Lastly, the final blitz by Frank Bush to sack Chase Daniel with the third stringers. Troy Nolan comes as a safety, but if you watch the tape, he lines up, WAITS A SECOND so that the blockers commit, then goes. It was gorgeous. It was also a rare case of six men coming on a Frank Bush blitz. I'll be saving this play in the archives for future generations to gasp at. 


This was a vintage 2009 Texans performance: move the ball around well and do horrible things on a quarter of your plays. There were sacks, there were questionable fumbles, there were drive-killing penalties, and there were third-down sideline passes gone awry. If Schaub had just hit a defender covering Andre Johnson deep for an interception, somebody would have won Texans Fuckup Bingo.

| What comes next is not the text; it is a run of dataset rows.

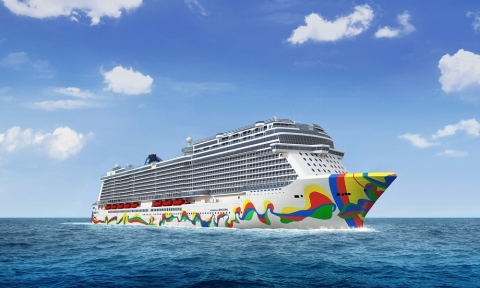 Norwegian Encore (Photo: Business Wire)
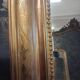 Louis Philippe period mirror 138 x 83 cm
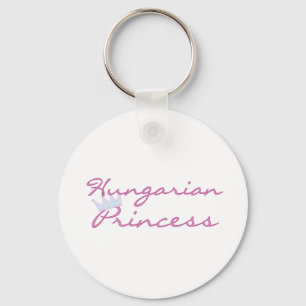 Hungarian Princess Schlüsselanhänger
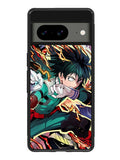 My hero academia F Google Pixel 8 Case QC3207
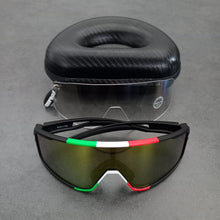 Cargar imagen en el visor de la galería, Salice 022 RW - ITA Black / Yellow Mirror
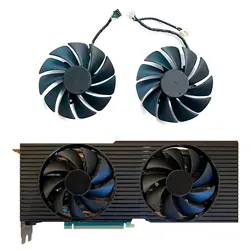 Brand new original cooling fan 87MM 4pin PLA09215B12H suitable for Dell RTX 3070 3080 3090 graphics card cooling fan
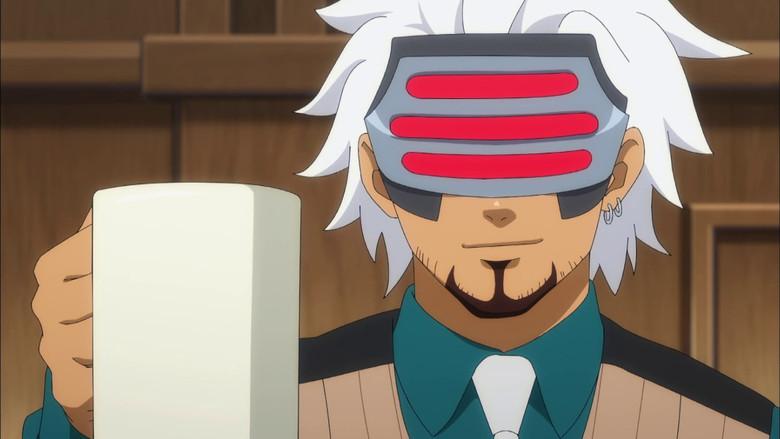 2x17 Puente hacia el caso - Parte 6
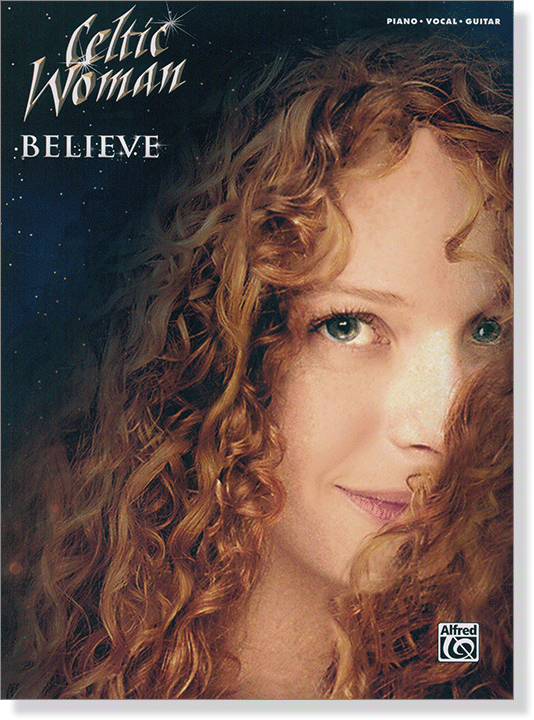 Celtic Woman Believe Piano‧Vocal‧Guitar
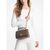 Empire Signature Logo Satchel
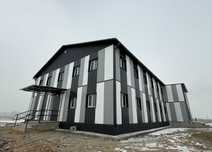 Модульные здания Ангары Офисы Торговые площади Склады Магазин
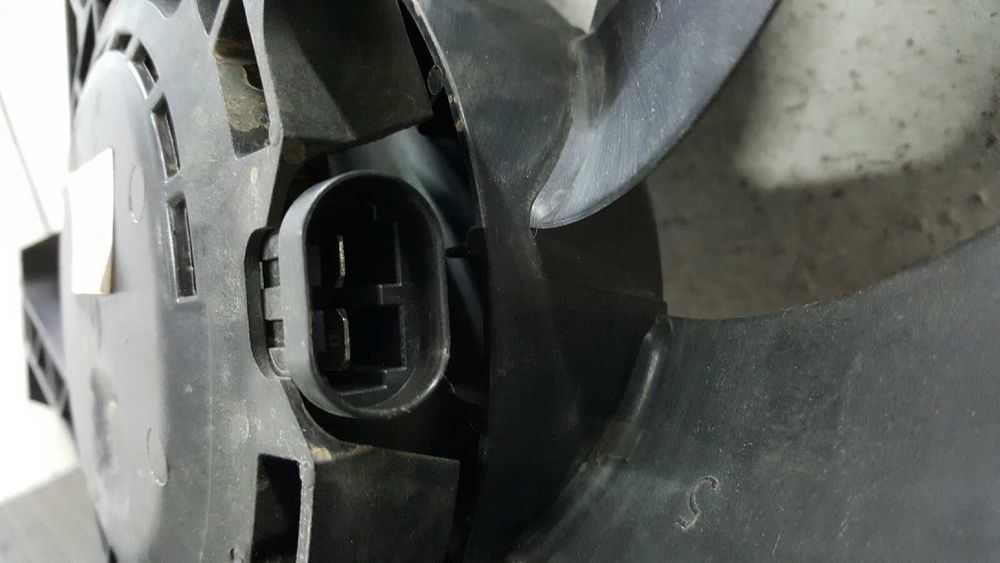 ELETROVENTILADOR NISSAN QASHQAI (J10) ACENTA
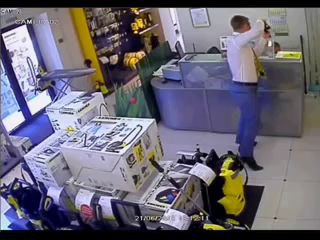 Ноги, крылья, главное хвост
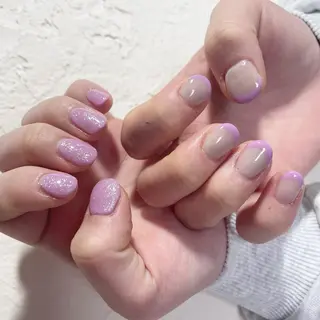 ネイル nail.gorin所属・吉村 優子のネイルデザイン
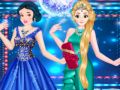 ゲームプリンセスたちのロイヤルボールドレスアップオンライン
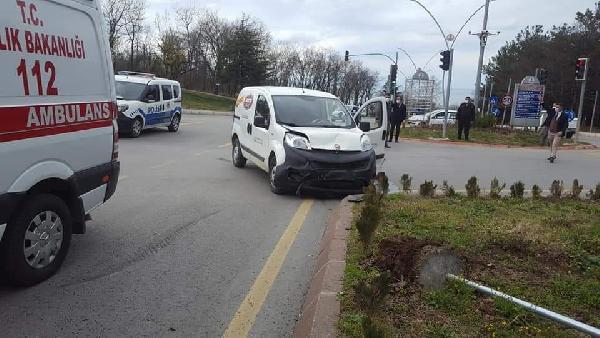 SON DAKİKA: Dehşet veren kaza! O anlar kamerada! Kızı öldü anne yaralandı-5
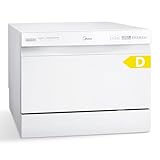 Bild von Midea MDWTT0602MW-WE Spülmaschine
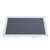 Tablet OctaCore 10in IPS Silver Flat PC with HD Display for Watching Movies Reading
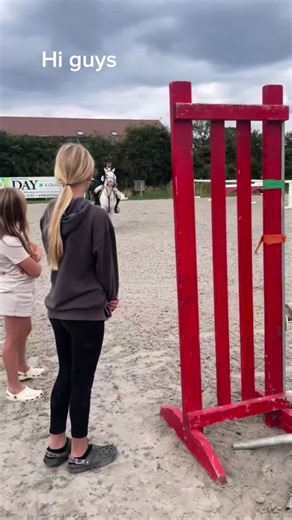 Jump Scare Surprise in First Video!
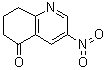 CAS # 87883-18-9, 7,8-Dihydro-3-nitro-5(6H)-quinolinone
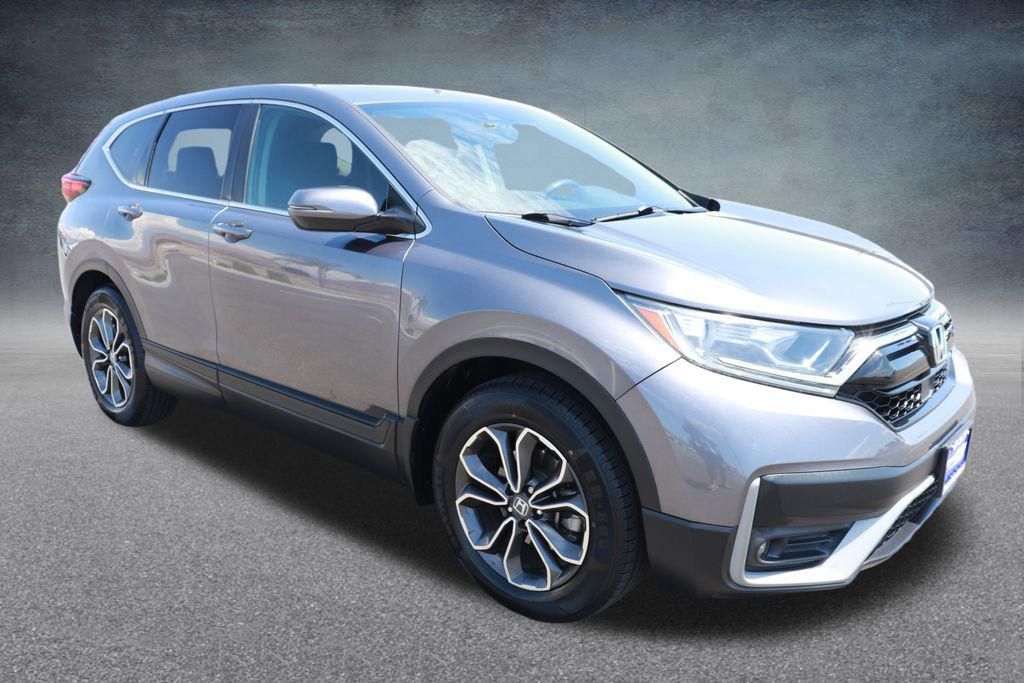 2020 Honda CR-V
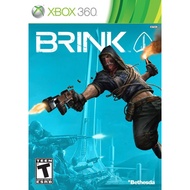 XBOX 360 GAMES - BRINK (FOR MOD /JAILBREAK CONSOLE)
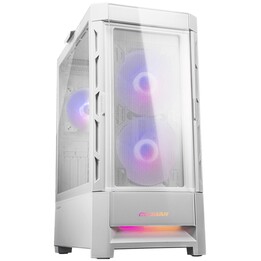 Cougar Duoface RGB Blanco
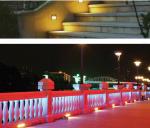 Epistar led chip waterproof IP65 3W 3years warranty led stair light &LED Step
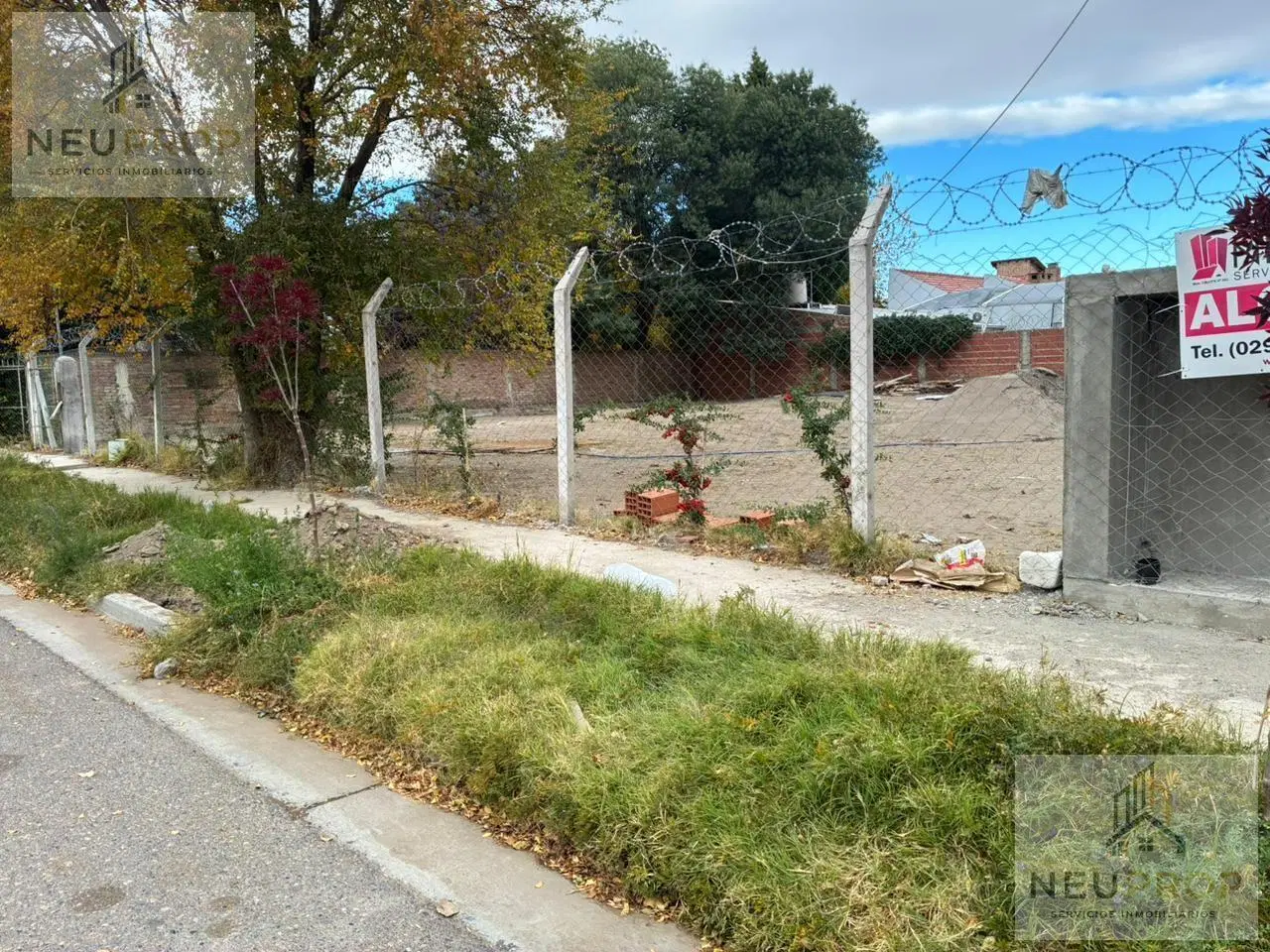 Terreno en Alquiler 5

I continue to be more impressed by the Texans offensive skill players than I do Dan Orlovsky, but I think Orlovsky had a better game than he had last week. Not good enough to make me think he's a good backup quarterback, but good enough to make me think he's better than Rex Grossman. Any one of our four tight ends could start on most teams and do well in the passing game, and James Casey is showing that he's a much-improved blocker, as evidenced below:

That is a terrific blind-side chop for a tight end on a defensive lineman. Led to a great break in the New Orleans zone as well. Casey even lined up as slot receiver on the last drive, something that was probably fueled by the injuries at the position, but still, his versatility is a pretty great asset to have on game day.

The offensive line played alright, but not anything special. This wasn't the Arizona game. The biggest problem was free agent acquisition Wade Smith, who had a holding penalty, two blown blocks, and a couple of ugly plays out front. Let me show you a couple of those:

Sad, ain't it? At least it probably wasn't worse than ABC-13's brilliant camerawork on the play. I can't express to you in words how thankful I am that CBS is doing the Cowboys game. I will never mock them again. At least until Week Six.

Smith gets out in front to block on the screen here, and uhh...yeah. I don't know if that's a turf issue or not, but it brings to mind Barney from The Simpsons impersonating an NFL guard.

I am not ready to go chicken little on the season watching this tape. I think as long as the offense can stay relatively turnover-free and Schaub is on the field, the Texans will be in games no matter how poorly the defense plays. Additionally, you probably couldn't pick a matchup worse for the Texans defense than the Saints offensively. But let's be honest with ourselves: this should worry us. And the fact that there were almost no adjustments defensively, preseason or not, is scary. Scholar's Bush continues to have a lot to live up to in my eyes, Best Defense In Franchise History (TM) or not.